Traffic Accident Detection & Tracking on Google Maps–Style Data
Built a Google Maps traffic incident pipeline that (1) detects accidents from noisy crowdsourced reports, (2) tracks persistence via travel-time behavior, and (3) determines clearance when traffic returns to normal. Implemented and compared classical statistical testing, sequential decision-making, time-series forecasting, and changepoint methods in Python.
- GitHub: TODO (paste repo link)
- Demo: TODO (optional)
Notes
What I built
- Log parsing + feature engineering: Parsed car telemetry at Point A / Point B and joined it with accident report logs; computed per-car travel durations and aggregated signals into 10-minute intervals.
- Accident detection (reports): Implemented binomial hypothesis testing per interval (H₀: baseline report rate ≈ 1%) and visualized detected windows.
- Accident detection (telemetry): Implemented a likelihood ratio test on travel-time distributions to detect incident regimes even if reports are noisy or missing.
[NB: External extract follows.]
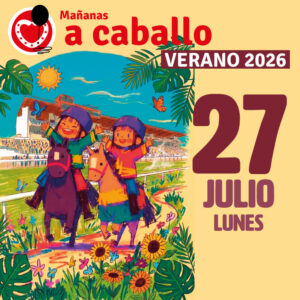 MAÑANAS A CABALLO - VERANO [LUNES 27 JULIO]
- Persistence + clearance (online):
- Sequential estimation: Running mean vs EMA with different forgetting factors to balance responsiveness and stability.
- SPRT: Sequential Probability Ratio Test with explicit error controls (α=β=0.05) to emit “Accident detected” and “Cleared” events.
- Time-series forecasting: Built rolling AR / ARMA / ARIMA forecasts over resampled 10-minute mean durations to anticipate expected traffic and highlight sustained deviations.
- Changepoint detection: Prepared 1037 travel-duration observations and applied CUSUM, Page–Hinkley (online drift), and PELT (offline segmentation) to estimate incident start/clear boundaries.
Key takeaways
- Combining noisy human reports with behavioral telemetry yields more reliable incident detection than either source alone.
- Sequential methods (EMA/SPRT/Page–Hinkley) are well-suited for real-time monitoring; offline methods (PELT) provide cleaner retrospective boundaries.
- Thresholds (confidence levels, penalties, CUSUM h) directly trade off false alarms vs missed incidents, and should be tuned to the product’s risk tolerance.